YOUR OBJECTIVE » Copy out exactly the lines below that run from the one holding "WayVXIAOJUNJP's tweet photo." to the one holding "Used 2021 Jeep", keeping both of those lines and no others.
────────────────────────────────────────
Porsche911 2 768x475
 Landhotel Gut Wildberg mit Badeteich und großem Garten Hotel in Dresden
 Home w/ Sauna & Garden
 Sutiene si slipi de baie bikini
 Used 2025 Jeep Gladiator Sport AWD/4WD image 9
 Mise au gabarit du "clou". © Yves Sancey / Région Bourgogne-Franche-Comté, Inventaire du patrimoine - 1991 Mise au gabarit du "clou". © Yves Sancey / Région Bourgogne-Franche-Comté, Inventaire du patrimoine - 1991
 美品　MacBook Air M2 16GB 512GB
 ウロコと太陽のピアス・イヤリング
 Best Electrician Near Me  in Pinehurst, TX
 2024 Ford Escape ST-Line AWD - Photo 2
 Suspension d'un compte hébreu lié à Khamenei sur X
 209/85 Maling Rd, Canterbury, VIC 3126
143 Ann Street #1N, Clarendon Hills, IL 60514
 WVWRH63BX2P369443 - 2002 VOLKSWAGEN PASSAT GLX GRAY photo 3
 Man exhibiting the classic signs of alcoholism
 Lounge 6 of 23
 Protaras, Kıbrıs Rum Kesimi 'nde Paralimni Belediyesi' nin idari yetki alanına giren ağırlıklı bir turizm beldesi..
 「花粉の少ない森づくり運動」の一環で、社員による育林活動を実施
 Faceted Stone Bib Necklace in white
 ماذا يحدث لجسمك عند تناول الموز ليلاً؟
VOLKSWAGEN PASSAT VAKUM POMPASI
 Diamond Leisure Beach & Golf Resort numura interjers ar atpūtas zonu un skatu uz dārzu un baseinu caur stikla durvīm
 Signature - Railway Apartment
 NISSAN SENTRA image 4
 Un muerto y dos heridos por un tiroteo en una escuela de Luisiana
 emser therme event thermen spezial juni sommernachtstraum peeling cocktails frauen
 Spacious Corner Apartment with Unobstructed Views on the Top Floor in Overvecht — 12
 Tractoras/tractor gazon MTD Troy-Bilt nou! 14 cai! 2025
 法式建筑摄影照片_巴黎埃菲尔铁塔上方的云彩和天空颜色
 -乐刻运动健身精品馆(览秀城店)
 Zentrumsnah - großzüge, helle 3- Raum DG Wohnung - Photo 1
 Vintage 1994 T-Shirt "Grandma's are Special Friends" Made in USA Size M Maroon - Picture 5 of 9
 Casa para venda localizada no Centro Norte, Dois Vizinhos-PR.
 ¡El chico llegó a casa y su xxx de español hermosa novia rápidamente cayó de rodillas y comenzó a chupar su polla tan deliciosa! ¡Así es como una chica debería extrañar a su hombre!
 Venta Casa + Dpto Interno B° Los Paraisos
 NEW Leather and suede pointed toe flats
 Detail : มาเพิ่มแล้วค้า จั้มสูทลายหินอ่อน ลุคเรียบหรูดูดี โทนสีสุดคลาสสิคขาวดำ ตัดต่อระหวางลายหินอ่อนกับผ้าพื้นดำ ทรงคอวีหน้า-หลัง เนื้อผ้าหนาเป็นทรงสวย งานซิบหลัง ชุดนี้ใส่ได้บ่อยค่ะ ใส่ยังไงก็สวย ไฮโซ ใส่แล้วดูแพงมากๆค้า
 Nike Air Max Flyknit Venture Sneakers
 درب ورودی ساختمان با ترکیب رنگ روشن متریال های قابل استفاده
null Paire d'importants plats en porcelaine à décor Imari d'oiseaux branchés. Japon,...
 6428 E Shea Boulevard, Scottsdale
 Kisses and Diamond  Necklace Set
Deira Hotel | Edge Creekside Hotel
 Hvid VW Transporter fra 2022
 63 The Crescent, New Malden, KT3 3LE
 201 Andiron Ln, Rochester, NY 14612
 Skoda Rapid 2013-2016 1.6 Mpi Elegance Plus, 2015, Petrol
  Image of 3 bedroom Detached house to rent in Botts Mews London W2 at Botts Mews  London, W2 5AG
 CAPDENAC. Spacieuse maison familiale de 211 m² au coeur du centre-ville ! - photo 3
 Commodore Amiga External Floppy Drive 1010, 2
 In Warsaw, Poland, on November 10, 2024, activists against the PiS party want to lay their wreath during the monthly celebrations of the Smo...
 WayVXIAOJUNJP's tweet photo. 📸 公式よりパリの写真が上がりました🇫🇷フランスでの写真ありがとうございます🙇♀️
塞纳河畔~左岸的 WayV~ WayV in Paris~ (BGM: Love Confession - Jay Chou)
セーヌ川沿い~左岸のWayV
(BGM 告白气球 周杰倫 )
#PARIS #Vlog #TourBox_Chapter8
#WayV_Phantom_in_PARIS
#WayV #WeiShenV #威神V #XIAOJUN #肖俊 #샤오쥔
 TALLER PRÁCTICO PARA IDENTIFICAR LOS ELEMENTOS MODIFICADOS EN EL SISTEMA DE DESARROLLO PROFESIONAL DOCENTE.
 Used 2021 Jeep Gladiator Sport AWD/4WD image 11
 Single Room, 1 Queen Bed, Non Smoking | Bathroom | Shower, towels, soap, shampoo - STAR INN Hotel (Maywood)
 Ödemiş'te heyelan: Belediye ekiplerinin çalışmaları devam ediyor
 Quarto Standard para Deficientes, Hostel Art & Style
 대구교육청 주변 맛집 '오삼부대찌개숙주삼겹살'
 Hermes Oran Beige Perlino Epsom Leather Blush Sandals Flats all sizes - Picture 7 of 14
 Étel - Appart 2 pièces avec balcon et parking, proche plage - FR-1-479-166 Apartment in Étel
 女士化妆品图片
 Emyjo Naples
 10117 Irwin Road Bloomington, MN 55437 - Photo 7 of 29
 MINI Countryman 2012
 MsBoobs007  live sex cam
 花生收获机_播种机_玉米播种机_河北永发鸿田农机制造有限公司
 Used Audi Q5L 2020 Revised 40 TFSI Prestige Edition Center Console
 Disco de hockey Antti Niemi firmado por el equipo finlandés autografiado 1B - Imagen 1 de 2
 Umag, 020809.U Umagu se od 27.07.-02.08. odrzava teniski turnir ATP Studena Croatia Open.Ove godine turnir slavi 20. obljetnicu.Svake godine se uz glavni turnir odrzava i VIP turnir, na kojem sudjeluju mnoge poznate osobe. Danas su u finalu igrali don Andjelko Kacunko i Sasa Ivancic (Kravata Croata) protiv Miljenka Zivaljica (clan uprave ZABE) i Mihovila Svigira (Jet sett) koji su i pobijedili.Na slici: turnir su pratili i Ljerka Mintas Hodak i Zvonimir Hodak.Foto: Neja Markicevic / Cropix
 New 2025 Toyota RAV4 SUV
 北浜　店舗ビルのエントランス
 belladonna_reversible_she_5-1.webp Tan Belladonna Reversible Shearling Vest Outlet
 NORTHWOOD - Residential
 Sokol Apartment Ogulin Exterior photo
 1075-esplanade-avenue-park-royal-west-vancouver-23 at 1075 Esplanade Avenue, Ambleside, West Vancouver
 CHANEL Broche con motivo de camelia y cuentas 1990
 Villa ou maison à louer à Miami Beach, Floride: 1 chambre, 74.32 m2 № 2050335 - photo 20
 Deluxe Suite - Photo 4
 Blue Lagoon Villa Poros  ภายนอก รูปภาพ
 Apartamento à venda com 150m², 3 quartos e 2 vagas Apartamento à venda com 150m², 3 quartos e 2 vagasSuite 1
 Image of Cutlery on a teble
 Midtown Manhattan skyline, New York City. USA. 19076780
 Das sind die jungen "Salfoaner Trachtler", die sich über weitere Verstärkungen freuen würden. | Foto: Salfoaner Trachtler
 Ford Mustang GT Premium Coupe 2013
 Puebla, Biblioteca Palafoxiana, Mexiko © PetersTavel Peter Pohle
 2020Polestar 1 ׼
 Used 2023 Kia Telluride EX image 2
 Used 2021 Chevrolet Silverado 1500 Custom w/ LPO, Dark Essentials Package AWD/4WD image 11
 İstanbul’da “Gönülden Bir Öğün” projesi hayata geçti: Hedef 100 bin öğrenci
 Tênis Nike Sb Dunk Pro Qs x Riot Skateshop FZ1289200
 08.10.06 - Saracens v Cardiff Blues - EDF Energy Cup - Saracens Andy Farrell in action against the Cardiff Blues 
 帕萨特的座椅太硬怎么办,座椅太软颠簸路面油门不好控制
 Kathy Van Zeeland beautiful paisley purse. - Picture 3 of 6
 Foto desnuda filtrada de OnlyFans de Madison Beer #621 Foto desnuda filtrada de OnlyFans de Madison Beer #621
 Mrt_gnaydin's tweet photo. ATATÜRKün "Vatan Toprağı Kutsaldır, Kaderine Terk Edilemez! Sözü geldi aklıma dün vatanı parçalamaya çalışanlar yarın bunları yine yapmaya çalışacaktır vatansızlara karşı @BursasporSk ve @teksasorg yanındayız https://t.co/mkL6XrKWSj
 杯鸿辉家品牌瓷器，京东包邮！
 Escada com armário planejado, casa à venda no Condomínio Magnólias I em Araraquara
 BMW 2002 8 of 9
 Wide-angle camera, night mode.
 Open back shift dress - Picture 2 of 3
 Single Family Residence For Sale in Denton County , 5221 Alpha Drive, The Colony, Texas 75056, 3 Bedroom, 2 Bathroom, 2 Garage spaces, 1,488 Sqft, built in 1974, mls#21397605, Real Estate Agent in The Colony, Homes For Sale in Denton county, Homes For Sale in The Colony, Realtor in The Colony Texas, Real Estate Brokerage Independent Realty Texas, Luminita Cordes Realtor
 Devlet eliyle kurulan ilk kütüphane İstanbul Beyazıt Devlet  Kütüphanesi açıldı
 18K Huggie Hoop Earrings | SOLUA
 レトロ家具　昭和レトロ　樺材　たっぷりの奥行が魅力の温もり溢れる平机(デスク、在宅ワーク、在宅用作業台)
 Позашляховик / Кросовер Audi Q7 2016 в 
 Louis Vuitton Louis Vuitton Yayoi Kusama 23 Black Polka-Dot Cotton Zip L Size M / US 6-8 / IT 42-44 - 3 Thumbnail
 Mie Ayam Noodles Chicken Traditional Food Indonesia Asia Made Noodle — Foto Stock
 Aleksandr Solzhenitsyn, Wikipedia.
────────────────────────────────────────
SOLUTION TO THIS EXERCISE »
 WayVXIAOJUNJP's tweet photo. 📸 公式よりパリの写真が上がりました🇫🇷フランスでの写真ありがとうございます🙇♀️
塞纳河畔~左岸的 WayV~ WayV in Paris~ (BGM: Love Confession - Jay Chou)
セーヌ川沿い~左岸のWayV
(BGM 告白气球 周杰倫 )
#PARIS #Vlog #TourBox_Chapter8
#WayV_Phantom_in_PARIS
#WayV #WeiShenV #威神V #XIAOJUN #肖俊 #샤오쥔
 TALLER PRÁCTICO PARA IDENTIFICAR LOS ELEMENTOS MODIFICADOS EN EL SISTEMA DE DESARROLLO PROFESIONAL DOCENTE.
 Used 2021 Jeep Gladiator Sport AWD/4WD image 11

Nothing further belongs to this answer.